Rolls-Royce Industries Canada Inc, Lachine PQ, has secured a world product mandate for the firm's Industrial Trent family of gas turbine engines. It will undertake a $213.3-million R&D project to develop a new line of natural gas-powered industrial engines with lower emissions and greater efficiency and will target power generation and natural gas compression.
Head office approval of the R&D project was secured with the assistance of Technology Partnerships Canada, which is making a $53.3-million investment, which will be repayable by the firm's Energy Business unit. With the project, Rolls-Royce will expand the scope of its gas turbine engines activities and its presence in the Montreal area, where it has maintained a facility for more than 50 years.
Gas turbines are rapidly replacing coal, oil and nuclear power to supply new generating capacity at public power utilities, although the escalating cost of natural gas has slowed the trend.

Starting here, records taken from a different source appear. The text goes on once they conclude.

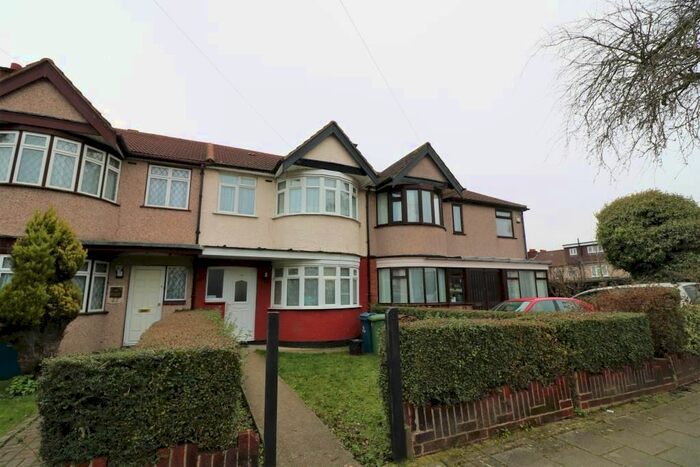 3 Bedroom Terraced House To Rent In Lulworth Close, Harrow, Greater London, HA2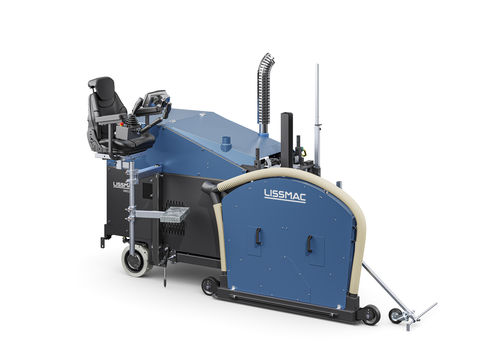 路面锯 - UNICUT 610 - LISSMAC Maschinenbau GmbH - 石头和混凝土用 / 紧凑型 / 多功能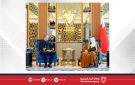 سمو ولي العهد نائب القائد الأعلى للقوات المسلحة رئيس مجلس الوزراء يؤكد على ما يجمع مملكة البحرين والمملكة المتحدة من شراكة استراتيجية تشهد على الدوام ...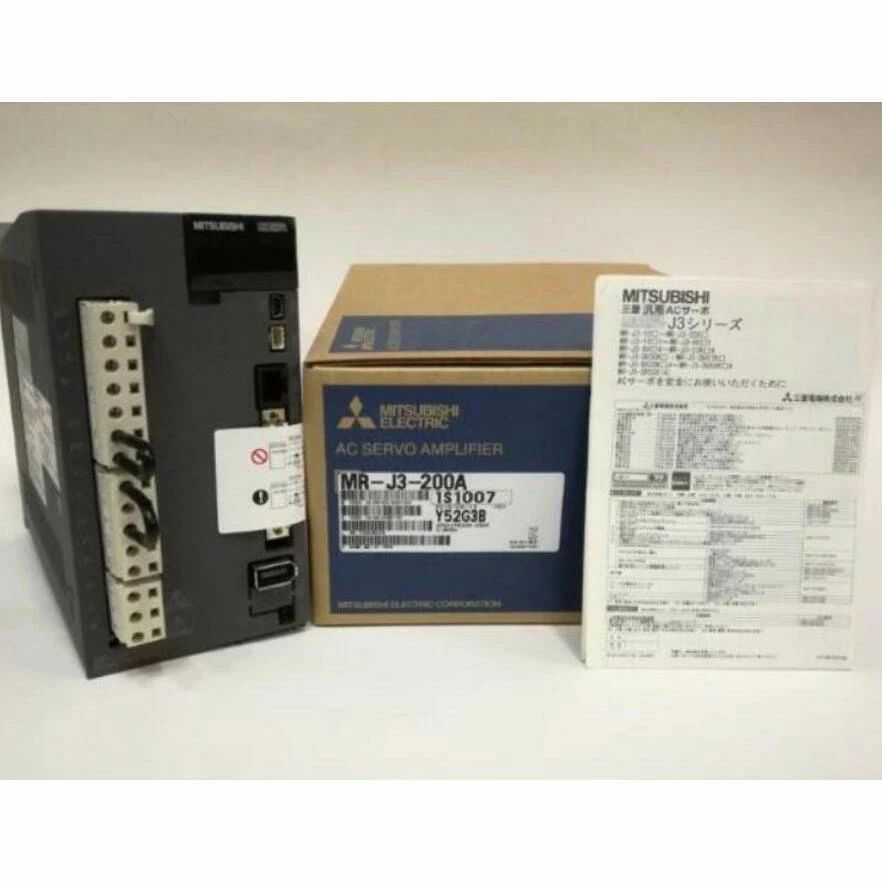 ■【新品★適格請求書★送料無料】MITSUBISHI 三菱電機 MR-J3-200A【６ヶ月保証】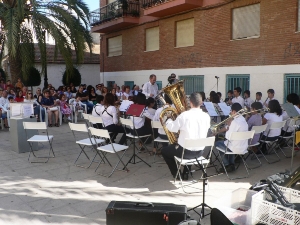 BANDA SOLIDARIDAD CON LORCA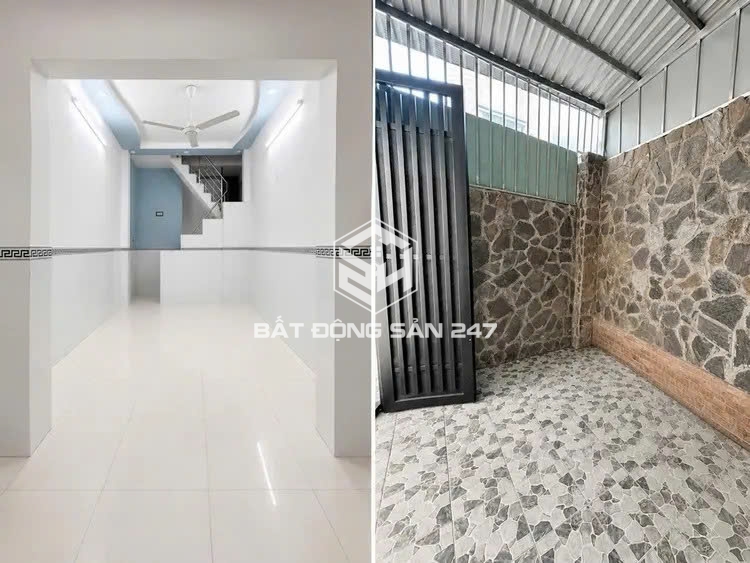 LÔ GÓC CỰC THOÁNG  - NHÀ MỚI -HXH THÔNG -3TẦNG -BTCT -CHỈ HƠN 4TỶ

Increased efficiency and more stringent environmental regulations have largely been behind the growing popularity of gas turbine engines, and the latest R&D project will aim to enhance turbine efficiency and develop combustors that substantially reduce nitrogen oxide, carbon monoxide and carbon dioxide emissions. The turbines will be in the 5-75 megawatt power range.
The Canadian division consists of the gas turbine business that developed a 50 megawatt natural gas-based engine for terrestrial power applications including power co-generation and peak power for utilities. It won the mandate to re-engineer the Trent 800 engine for industrial purposes in the early 1990s when it announced a $140-million investment.
The Canada/Canada subsidiary agreement on industrial development helped secure the mandate with a $17-million, interest-free loan (R$, September 30/92). Of the 1,500 staff in Roll-Royce's Canadian operations, 580 are employed by the Energy Business unit, including more than 130 R&D personnel.